In the following section, we introduce four common metrics designed for this purpose: Context Precision and Context Recall for evaluating context relevance in the retrieval process, and Faithfulness and Answer Relevance for evaluating the generation process.

It’s important to note that various libraries and frameworks, such as Ragas, RAGChecker, and DeepEval, provide detailed formulas and implementations of these metrics. I highly recommend exploring their documentation for more technical insights. In this post, however, our focus is on offering an intuitive, easy-to-understand guide to these metrics.

Retrieval Evaluation Metrics

Context Precision: This metric measures the proportion of retrieved documents that are relevant to the query. High context precision indicates that the system is retrieving accurate and pertinent information, which is crucial for generating reliable responses.

Context Recall: Context recall evaluates the proportion of relevant documents that were successfully retrieved out of all possible relevant documents. A high context recall ensures that the system comprehensively captures all necessary information for generating a complete response.

Generation Evaluation Metrics

Faithfulness: Faithfulness assesses how well the generated response aligns with the retrieved context. It measures the proportion of claims in the response that are grounded in the retrieved information.

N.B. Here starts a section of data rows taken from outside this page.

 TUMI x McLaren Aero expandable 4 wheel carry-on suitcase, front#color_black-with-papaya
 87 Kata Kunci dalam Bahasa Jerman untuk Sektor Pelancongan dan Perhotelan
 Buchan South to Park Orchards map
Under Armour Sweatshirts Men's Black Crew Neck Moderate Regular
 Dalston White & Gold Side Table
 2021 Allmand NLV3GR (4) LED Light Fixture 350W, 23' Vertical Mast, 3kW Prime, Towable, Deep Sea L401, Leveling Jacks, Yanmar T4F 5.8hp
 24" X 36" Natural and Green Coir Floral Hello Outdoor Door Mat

A high faithfulness score ensures that the content is factually accurate based on the provided context.

Answer Relevance: This metric evaluates how well the generated response addresses the user’s query and provides useful information.

Demonstration

To demonstrate RAG evaluation, we set up a sample configuration for a RAG system using synthetic data. This setup is inspired from this great notebook (https://huggingface.co/learn/cookbook/en/rag_evaluation) by Hugging Face on preparing synthetic data for RAG systems, benchmarking, and evaluation. We then use the Ragas framework to implement the four metrics described above. Below are an example and visualization based on the results.

Question: What is the name of the convolutional neural architecture that incorporates residual connections and is used for adversarial training?

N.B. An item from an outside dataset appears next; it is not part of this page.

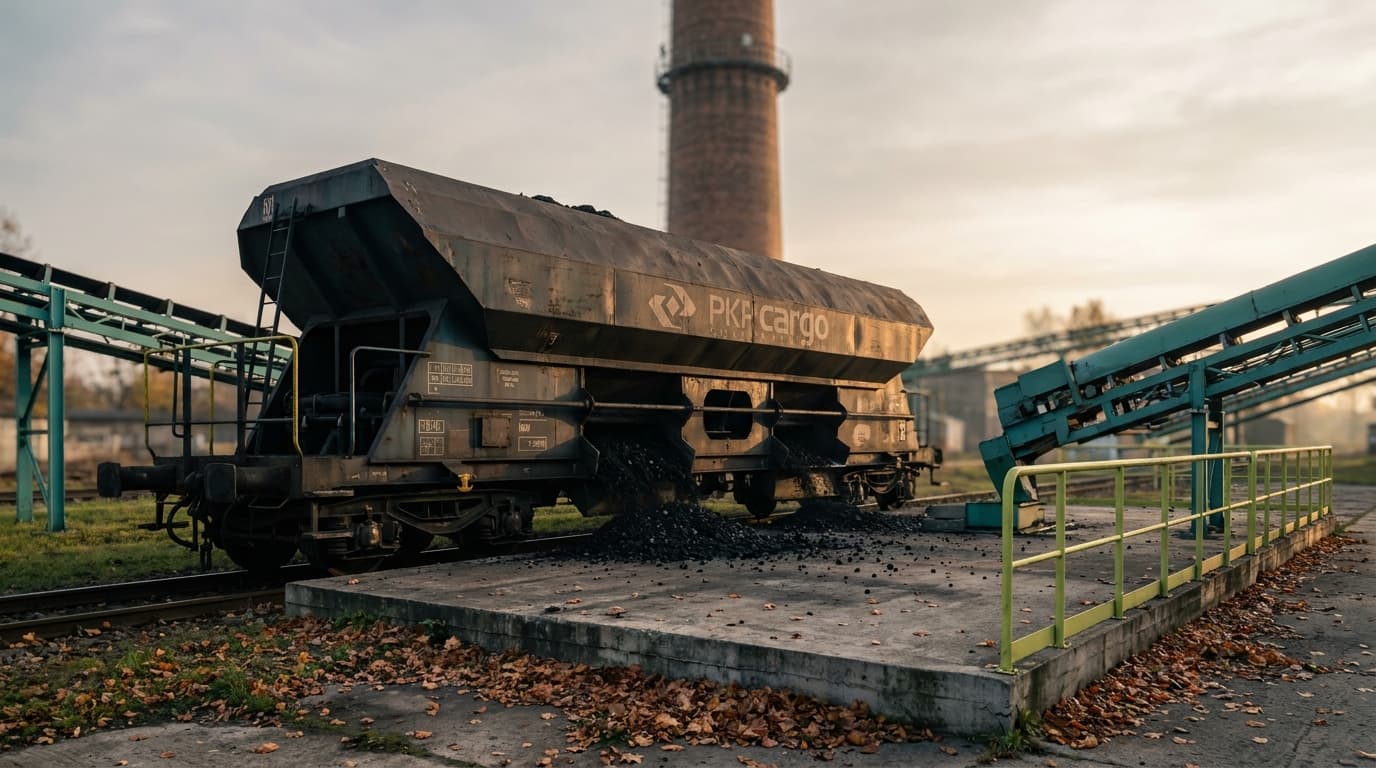 Wagon samowyładowczy przy bocznicy ciepłowni jesienią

Answer: Inception-ResNet-v2 is the name of the convolutional neural architecture that incorporates residual connections. (Source: Document 0)

Contexts :

**Inception-ResNet-v2** is a convolutional neural architecture that builds on the Inception family of architectures but incorporates [residual connections](https://paperswithcode.com/method/residual-connection) (replacing the filter concatenation stage of the Inception architecture).

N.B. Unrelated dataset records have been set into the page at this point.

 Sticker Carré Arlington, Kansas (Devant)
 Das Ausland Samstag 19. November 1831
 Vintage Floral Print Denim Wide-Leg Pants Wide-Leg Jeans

Ground Truth: Inception-ResNet-v2
Context Precision: 1
Context Recall: 1
Faithfulness: 1
Answer relevance: 0.86

In this example, both the retrieval and generation components achieve high scores, giving us confidence in the accuracy and relevance of the generated answer. For further examples, please check out our resulting dataset at https://huggingface.co/datasets/tanquangduong/eval-rag-results-gpt4o

Conclusion

To wrap up, this article began by highlighting the importance of building a robust knowledge retrieval system for companies that rely on document databases to make informed decisions. We then introduced the core components of a Retrieval-Augmented Generation (RAG) system. Next, we explored various aspects of RAG evaluation, including the RAG Triad framework, different libraries and frameworks for evaluation, and the key metrics used for assessing a RAG system. Finally, we presented an example to demonstrate how to interpret RAG evaluation results.

We hope this article provides you with a quick guide to understanding of the key concepts and metrics needed to build and evaluate your RAG system effectively.